Przecież rządził Zapatero, tak wychwalany jeszcze niedawno na tym portalu.
Niedawno? Do 2011r. A wcześniej rządził niejaki Aznar. Hiszpania była chyba najmniej "socjalistycznym" krajem UE rządzonym przez socjaldemokratów. No może tylko Polska za rządów SLD była jeszcze mniej "socjalistyczna".
Jak tylko hiszpański raj socjalistyczny trafi szlag to okaże się że Zapatero to tak naprawdę zakamuflowany kapitalista.
Coś się uwziął na tego Zapatero? Hiszpania przez lata, jeszcze do niedawna była chwalona przez wszystkie prokapitalistyczne media za dobrze funkcjonującą, wolnorynkową gospodarkę i szybki wzrost PKB. Nigdy nie był jednak "rajem", tym bardziej "socjalistycznym". Czemu nie czepisz się np. premierów w Skandynawii, która znacznie bardziej odpowiada definicji "socjalistycznego raju"?

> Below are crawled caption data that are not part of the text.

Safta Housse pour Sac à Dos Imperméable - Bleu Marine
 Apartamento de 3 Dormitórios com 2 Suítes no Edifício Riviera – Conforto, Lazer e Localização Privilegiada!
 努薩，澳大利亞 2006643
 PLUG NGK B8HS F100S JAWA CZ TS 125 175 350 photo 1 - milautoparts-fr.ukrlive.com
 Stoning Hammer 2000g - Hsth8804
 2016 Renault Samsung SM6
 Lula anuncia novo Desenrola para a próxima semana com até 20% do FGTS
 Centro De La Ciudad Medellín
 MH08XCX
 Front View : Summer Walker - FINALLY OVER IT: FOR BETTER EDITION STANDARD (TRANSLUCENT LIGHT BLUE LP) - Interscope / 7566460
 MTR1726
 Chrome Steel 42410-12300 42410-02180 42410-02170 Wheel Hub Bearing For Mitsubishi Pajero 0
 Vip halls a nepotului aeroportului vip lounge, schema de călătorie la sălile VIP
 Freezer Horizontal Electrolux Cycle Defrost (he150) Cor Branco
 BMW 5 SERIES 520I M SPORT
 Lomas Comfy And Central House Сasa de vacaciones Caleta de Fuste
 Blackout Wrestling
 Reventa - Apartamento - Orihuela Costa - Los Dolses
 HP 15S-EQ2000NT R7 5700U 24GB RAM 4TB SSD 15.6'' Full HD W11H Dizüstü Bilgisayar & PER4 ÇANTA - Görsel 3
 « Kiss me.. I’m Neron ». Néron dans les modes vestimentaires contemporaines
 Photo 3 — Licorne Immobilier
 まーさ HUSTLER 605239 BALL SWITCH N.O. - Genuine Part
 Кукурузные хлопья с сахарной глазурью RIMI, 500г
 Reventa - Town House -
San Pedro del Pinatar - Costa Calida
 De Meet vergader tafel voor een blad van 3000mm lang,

żeby wszystko szlag trafił.
Fiksuje na punkcie Hiszpanów.
Po co przesadzać? Nie jest prawdą to, że Hiszpanię "trafił szlag", ani to, że była kiedykolwiek jakimś "rajem". Globalny kryzys nie rozpoczął się w Hiszpanii ani też nie ma tam najostrzejszego przebiegu. Poziom bezrobocia zawsze był tam najwyższy w UE. Nie byłem ostatnio w tym kraju (wybieram się), ale dwa razy odwiedziłem go za rządów Zapatero. Nie przemierzyłem go wzdłuż i wszerz, ale przemieszczałem się na pewnym odcinku zwykłą podmiejską koleją. Nowoczesne, punktualne, czyste pociągi, klimatyzacja funkcjonuje cały czas i nie wysiada, z głośników sączy się relaksująca muzyczka. Dziś, mimo kryzysu, szybkie koleje AVE połączyły niemal wszystkie duże hiszpańskie miasta oraz Lizbonę i francuskie Perpignan. Z Madrytu do Barcelony można dojechać w 4 godziny! Przybyłem do pewnego prowincjonalnego, nieturystycznego miasta i spacerowałem nie główną avenidą, lecz zakamarkami śródmieścia. Zaskoczenie. Wszędzie było sterylnie czysto. Ani śladu pijaczków, ani żebraków. Raj? Nie. Ale faktycznie, w polskim kapitalistycznym "raju" to niemożliwe.